# Work item
A faithful copy of all the data is required; pictures should not be included.
Material provided section start
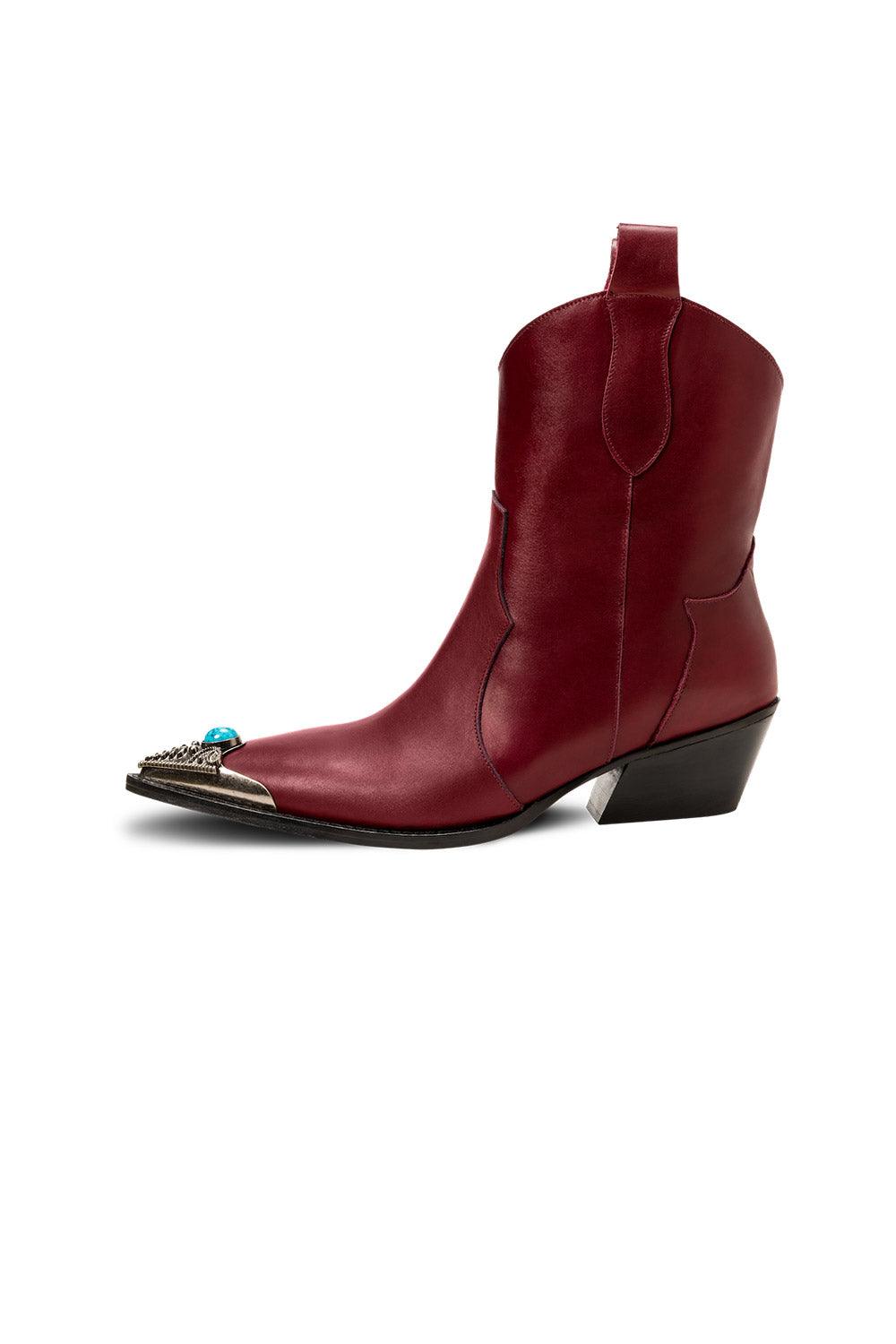 JL Twins-Aqua Ankle Boots Bordo-Bot-2-Milagron.com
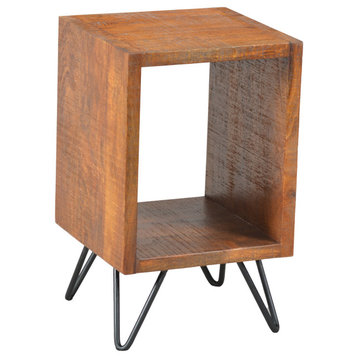 22 Inch Textured Cube Shape Wooden Nightstand With Angular Legs, Brown And Black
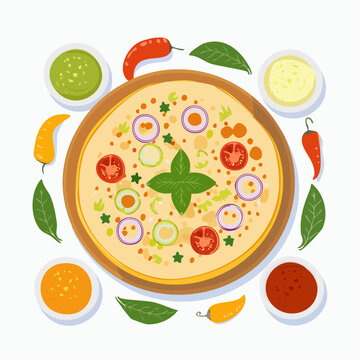 Stylized vector of uttapam topped with vegetables and chutney sides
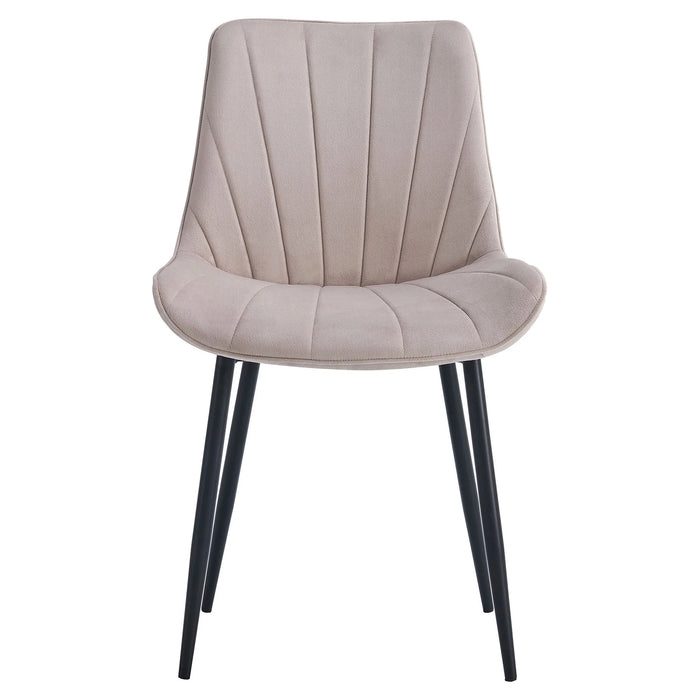 Lezo Velvet Fabric Dining Chair, Beige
Material provided section end
# Your solution
 JL Twins-Aqua Ankle Boots Bordo-Bot-2-Milagron.com
 22 Inch Textured Cube Shape Wooden Nightstand With Angular Legs, Brown And Black
 Stylized vector of uttapam topped with vegetables and chutney sides
 Lezo Velvet Fabric Dining Chair, Beige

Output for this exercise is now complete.